EXERCISE INPUT –
#####

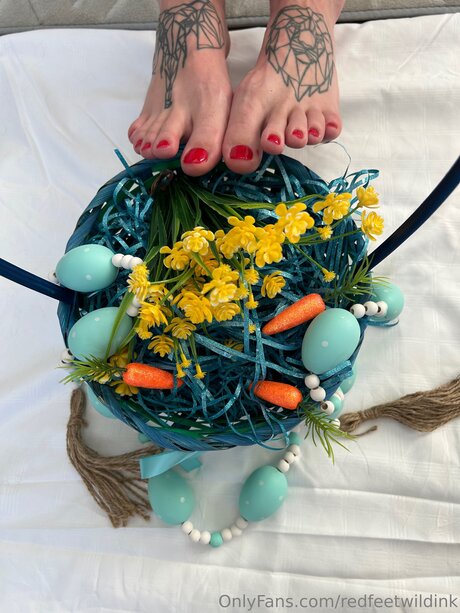 Redfeetwildink high quality star pictures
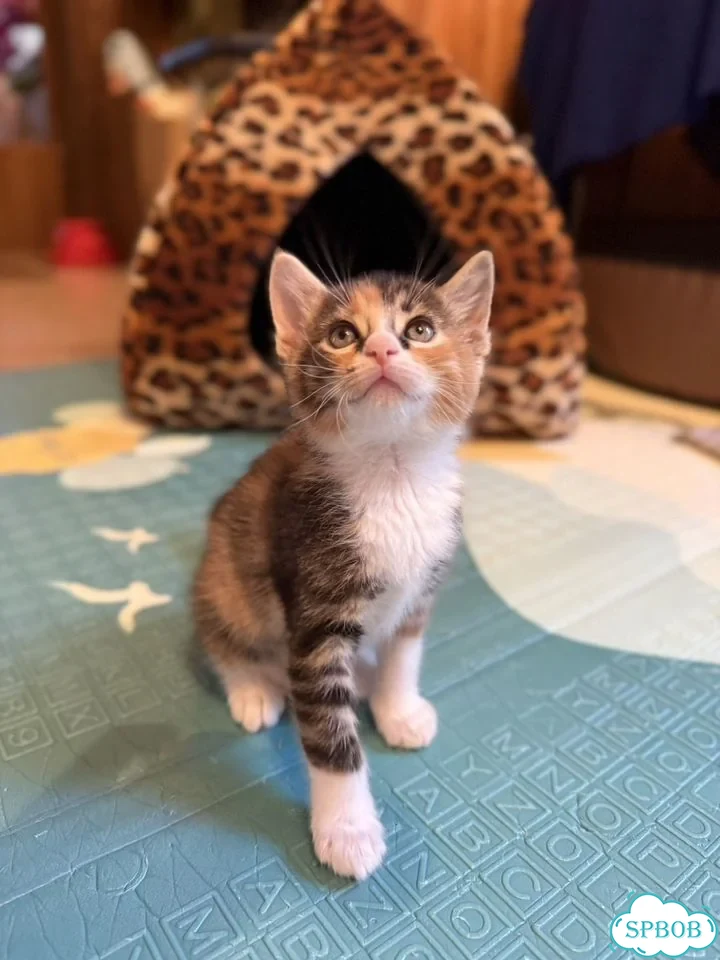 Котёнок в добрые руки фото 10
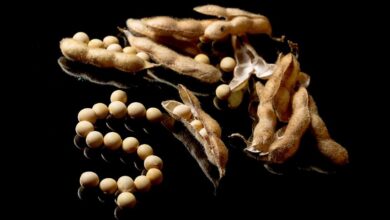 Foto de Compras da China e aumento de demanda sustentam “otimismo seletivo” do Itaú BBA no agro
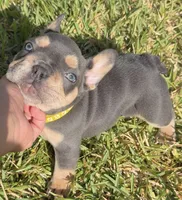 Evangeline , a female French Bulldog for sale in Port Saint Lucie, FL – Photo 1 of 10
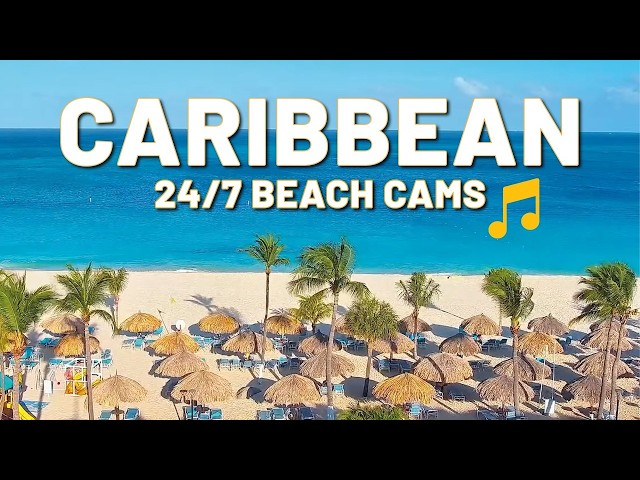 ☀️ Live Caribbean beach cams🎵 Relaxing Lounge Music 24/7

#####

ACTIVITY – Beginning at the line containing "Котёнок в добрые руки фото 10", restate every line through the end of the material above exactly; omit the pictures.

OUTPUT BELOW –
 Котёнок в добрые руки фото 10
 Foto de Compras da China e aumento de demanda sustentam “otimismo seletivo” do Itaú BBA no agro
 Evangeline , a female French Bulldog for sale in Port Saint Lucie, FL – Photo 1 of 10
 ☀️ Live Caribbean beach cams🎵 Relaxing Lounge Music 24/7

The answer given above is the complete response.